One evening, I sat with some lovely people at a café, discussing the way forward for a project. Everyone was proposing constructive opinions. It was great! While listening to them though, I drew a cube in my book. And shaded it.
That was it! My mind shut down and I stopped listening. When they asked for my opinion, I became John Rambo. You have no idea how horrible I felt later. But what led to this behavioral change?
I have worked in the corporate for many years. I have attended endless meetings; sometimes all day. Colleagues would ask why I looked drained. I said it was because I was. But they refused to believe it. “How can meetings be exhausting?”, they asked. “What better way to spend your day than talk and do no work?”
But I hated meetings. They were ego boosters for people in love with their own voices. Imagine sitting in a room filled with people for hours, with just one or two people doing all the talking. Nothing constructive ever came out of these meetings. My ears bled and eyelids felt like they were tied to paperweights. No wonder meetings rank among the top three time wasters in the office.
A book and pen were my only companions. To retain sanity, I would doodle – draw cubes and shade them. You have to something. How long can you fake paying attention and get away with it.
This doodling turned out to be my trigger. A trigger is an action or event that sets off specific emotions or behavior. For instance, let’s assume that you don’t like your workplace. Your mind is filled with negative thoughts about it. If, for a few mornings, the alarm off and you brood over these thoughts, the alarm becomes a trigger. Each time it rings, negative thoughts flood your mind. A grumpy day follows, even though nothing may go wrong in it. It’s just a behavioral change. Or, if you walk into the kitchen and open the fridge a few times, it becomes a trigger. Every time you enter the kitchen, your subconscious mind directs you to the fridge. Before you know it, your weight has spiraled out of control.
Your brain tries to save energy. Hence, when it experiences an event often, it forms patterns. These patterns are stored in the basal ganglia and become habits. That’s why you don’t think while brushing, eating, wearing clothes (choosing doesn’t count). It’s automatic. With experience, your conscious mind also works less while driving, cooking or swimming.
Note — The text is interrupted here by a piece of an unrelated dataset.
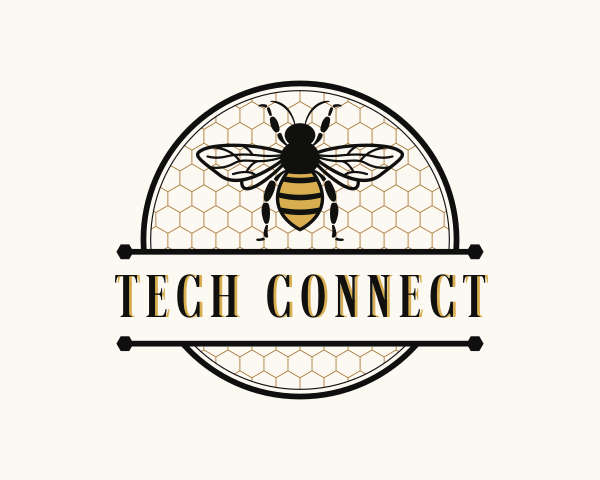 Honeycomb logo example 4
Preemption is another factor which leads to triggers. As discussed above, your brain experiences events and formulates patterns. These patterns can be good or bad. Imagine, for instance, that someone says something that ticks you off. This leads to an outburst of angry (and regrettable) reactions. Or if you look forward to something, your mind is filled with good thoughts. I’m hooked to doodling when I’m bored. This trigger makes me numb-minded and irritable.
How can you become aware of these triggers and overcome how they challenge your subconscious mind? Judy Nelson suggests a simple exercise:
- Spend the next two weeks doing nothing different but observing your irritation.
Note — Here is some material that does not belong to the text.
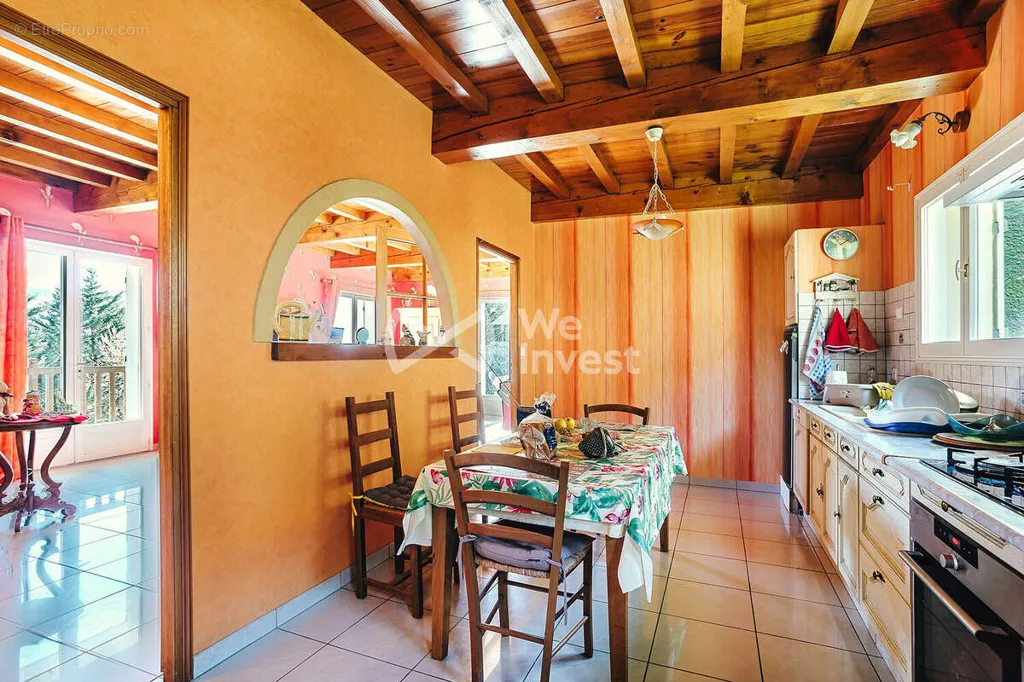 Dining Room - House with Terrace in Saint-Marcellin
- Write down every time you feel the least bit annoyed and what sets you off.
- At the end of the two weeks, review your entries for common triggers for irritation and frustration.
This exercise helps you become self aware and recognize your natural instincts. Once you know your triggers, you can tweak your responses. “Just because you are naturally reactive doesn’t mean that you always have to react naturally”, Judy writes.
Why is it important to control your reactions? Because reactions are often negative and knee-jerk. Responses, on the other hand are positive and yield positive results. The former often damages a situation and your ability to handle pressure. The latter makes you mentally stronger and fortifies you to take challenges on.
Yes, it is easy to blame others for your irritability. It’s your boss’ fault that the project wasn’t completed on time. It’s your friend’s fault because he said something which ruined your mood. It’s your spouse’s fault that… oh, anything that goes wrong can be blamed on a spouse. But that’s not how you lead life. Instead of looking for good people, focus on being one yourself.
Focus on others, and the world looks confusing. But focus on yourself, and all the pieces fall into place.